When homeowners discovered that an account that was supposed to compensate them for foreclosure abuses lacked sufficient money to cash their checks, the consulting firm at the center of the mishap promised that the problem was fixed and that the checks were valid.
Three weeks later, though, that promise fell short.
This time, according to officials briefed on the matter, the consulting firm, Rust, issued a raft of checks with wrong amounts. The mistake, officials said, cheated struggling homeowners out of thousands of dollars.
Federal authorities are ordering Rust, which is based in Minnesota, to fix its mistake, the officials said, though the problems continued as of Wednesday.
Rust did not immediately return calls for comment.
The incident cast a harsh spotlight once again on Rust. Despite a mixed track record, it was selected as the distributor of checks as part of a $3.6 billion settlement deal between federal regulators and the nation’s largest banks. The settlement deal, struck in January, came after regulators accused 13 lenders, including JPMorgan Chase and Bank of America, of wrongful evictions, bungled loan modifications and other abuses.
The problem stems from last week, when Rust issued checks to customers of Morgan Stanley and Goldman Sachs. Unlike the other banks involved in the settlement, Goldman Sachs and Morgan Stanley’s foreclosures were not part of a long independent assessment by outside auditors. As such, the banks agreed to pay some of its customers an extra sum.

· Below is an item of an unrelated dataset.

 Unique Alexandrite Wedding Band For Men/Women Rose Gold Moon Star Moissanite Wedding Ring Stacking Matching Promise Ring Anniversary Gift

But Rust, according to the officials briefed on the matter, failed to follow the banks’ payout plan. Instead, it issued checks to customers of Goldman Sachs and Morgan Stanley based on a metric adopted by the 11 other banks.
The misstep deprived the homeowners of thousands of dollars. For example, some customers in bankruptcy who were evicted wrongfully deserved $4,650. They received $3,750 instead.